━━━ Supplied records ━━━

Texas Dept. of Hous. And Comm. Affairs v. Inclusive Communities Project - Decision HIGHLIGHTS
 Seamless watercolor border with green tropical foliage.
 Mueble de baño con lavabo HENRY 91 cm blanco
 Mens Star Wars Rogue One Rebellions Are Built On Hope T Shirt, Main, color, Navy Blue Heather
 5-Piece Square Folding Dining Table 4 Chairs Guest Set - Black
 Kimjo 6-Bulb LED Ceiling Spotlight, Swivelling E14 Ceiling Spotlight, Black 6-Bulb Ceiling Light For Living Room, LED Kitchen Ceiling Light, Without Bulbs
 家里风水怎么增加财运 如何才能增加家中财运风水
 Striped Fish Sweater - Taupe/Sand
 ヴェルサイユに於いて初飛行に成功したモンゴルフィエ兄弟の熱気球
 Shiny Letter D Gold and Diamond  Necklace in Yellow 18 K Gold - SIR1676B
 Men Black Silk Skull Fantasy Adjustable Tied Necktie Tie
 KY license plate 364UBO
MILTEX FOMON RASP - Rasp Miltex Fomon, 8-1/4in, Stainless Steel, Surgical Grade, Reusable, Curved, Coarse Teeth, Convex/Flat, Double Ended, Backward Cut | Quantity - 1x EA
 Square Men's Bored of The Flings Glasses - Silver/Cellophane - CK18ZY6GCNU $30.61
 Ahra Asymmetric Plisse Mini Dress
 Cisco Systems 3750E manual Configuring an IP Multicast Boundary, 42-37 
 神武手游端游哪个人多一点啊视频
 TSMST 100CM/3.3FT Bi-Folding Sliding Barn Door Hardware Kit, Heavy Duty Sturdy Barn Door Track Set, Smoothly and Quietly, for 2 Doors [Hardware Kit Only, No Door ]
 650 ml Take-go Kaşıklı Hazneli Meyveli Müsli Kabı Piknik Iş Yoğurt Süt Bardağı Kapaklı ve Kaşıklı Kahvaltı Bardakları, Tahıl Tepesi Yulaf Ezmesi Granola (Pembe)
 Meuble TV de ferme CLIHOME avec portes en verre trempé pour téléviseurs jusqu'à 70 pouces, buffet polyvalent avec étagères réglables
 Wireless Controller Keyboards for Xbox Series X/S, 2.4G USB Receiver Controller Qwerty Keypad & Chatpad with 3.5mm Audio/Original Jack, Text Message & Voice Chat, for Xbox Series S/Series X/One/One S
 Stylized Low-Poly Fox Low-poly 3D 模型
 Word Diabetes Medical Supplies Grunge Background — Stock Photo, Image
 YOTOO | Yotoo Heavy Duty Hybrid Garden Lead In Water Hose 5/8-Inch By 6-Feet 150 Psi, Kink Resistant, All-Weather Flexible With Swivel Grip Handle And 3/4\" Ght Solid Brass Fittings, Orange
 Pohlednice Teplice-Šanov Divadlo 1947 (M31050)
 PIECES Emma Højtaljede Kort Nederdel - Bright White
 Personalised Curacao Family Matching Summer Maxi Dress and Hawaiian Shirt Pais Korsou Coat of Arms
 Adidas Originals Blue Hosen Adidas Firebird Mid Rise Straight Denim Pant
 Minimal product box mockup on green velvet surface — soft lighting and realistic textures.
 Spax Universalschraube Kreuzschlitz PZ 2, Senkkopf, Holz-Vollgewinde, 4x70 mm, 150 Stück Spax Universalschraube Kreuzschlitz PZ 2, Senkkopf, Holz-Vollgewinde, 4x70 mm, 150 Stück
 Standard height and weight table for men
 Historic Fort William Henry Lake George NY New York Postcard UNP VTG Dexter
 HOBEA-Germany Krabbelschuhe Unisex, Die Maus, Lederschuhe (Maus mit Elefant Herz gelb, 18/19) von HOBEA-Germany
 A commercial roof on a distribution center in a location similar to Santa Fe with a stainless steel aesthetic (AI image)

━━━

Find "Mueble de baño con lavabo HENRY 91 cm blanco" in the entries above and copy that whole line exactly, then each line after it through the line that contains "Square Men's Bored".

 Mueble de baño con lavabo HENRY 91 cm blanco
 Mens Star Wars Rogue One Rebellions Are Built On Hope T Shirt, Main, color, Navy Blue Heather
 5-Piece Square Folding Dining Table 4 Chairs Guest Set - Black
 Kimjo 6-Bulb LED Ceiling Spotlight, Swivelling E14 Ceiling Spotlight, Black 6-Bulb Ceiling Light For Living Room, LED Kitchen Ceiling Light, Without Bulbs
 家里风水怎么增加财运 如何才能增加家中财运风水
 Striped Fish Sweater - Taupe/Sand
 ヴェルサイユに於いて初飛行に成功したモンゴルフィエ兄弟の熱気球
 Shiny Letter D Gold and Diamond  Necklace in Yellow 18 K Gold - SIR1676B
 Men Black Silk Skull Fantasy Adjustable Tied Necktie Tie
 KY license plate 364UBO
MILTEX FOMON RASP - Rasp Miltex Fomon, 8-1/4in, Stainless Steel, Surgical Grade, Reusable, Curved, Coarse Teeth, Convex/Flat, Double Ended, Backward Cut | Quantity - 1x EA
 Square Men's Bored of The Flings Glasses - Silver/Cellophane - CK18ZY6GCNU $30.61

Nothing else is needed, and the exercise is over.